*** Opening Task input ***

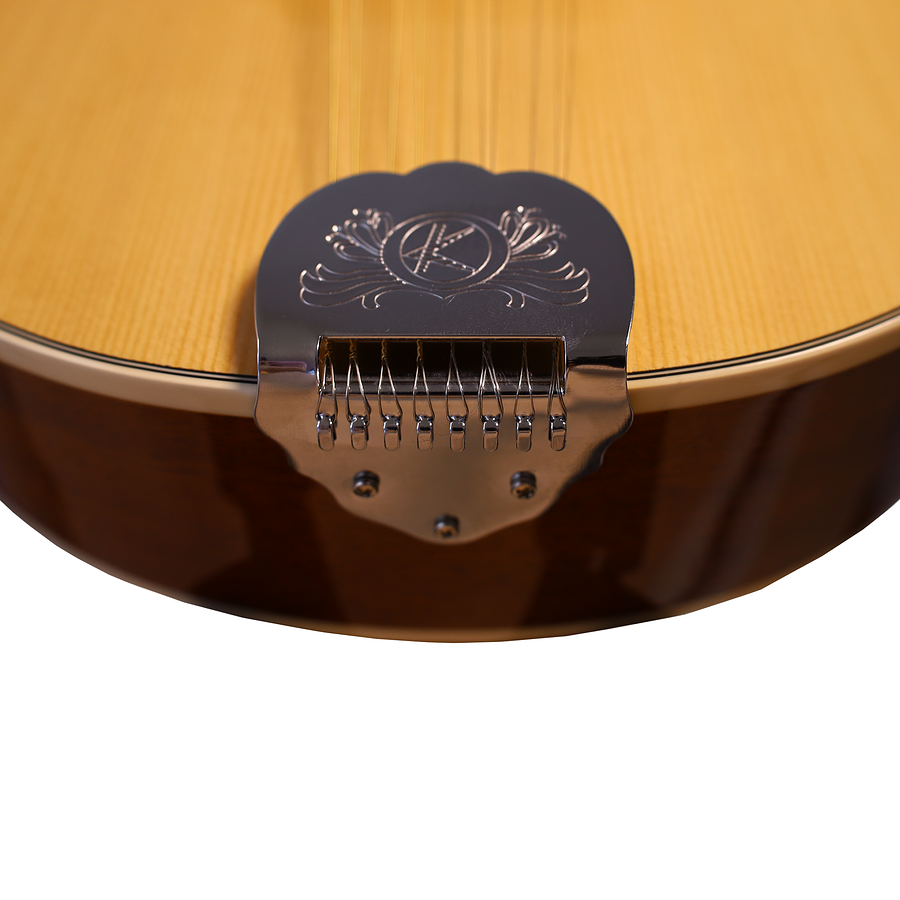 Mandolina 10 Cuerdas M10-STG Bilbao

*** Closing Task input ***
*** Opening Task input ***

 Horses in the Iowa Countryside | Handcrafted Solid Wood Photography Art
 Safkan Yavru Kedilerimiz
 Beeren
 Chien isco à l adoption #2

*** Closing Task input ***

* [Problem to work on]: All lines in the listing above from the line containing "Horses in the" to the line containing "Chien isco à l adoption #2", inclusive, should be retyped exactly; no other lines should appear.

* [Answer space]:
 Horses in the Iowa Countryside | Handcrafted Solid Wood Photography Art
 Safkan Yavru Kedilerimiz
 Beeren
 Chien isco à l adoption #2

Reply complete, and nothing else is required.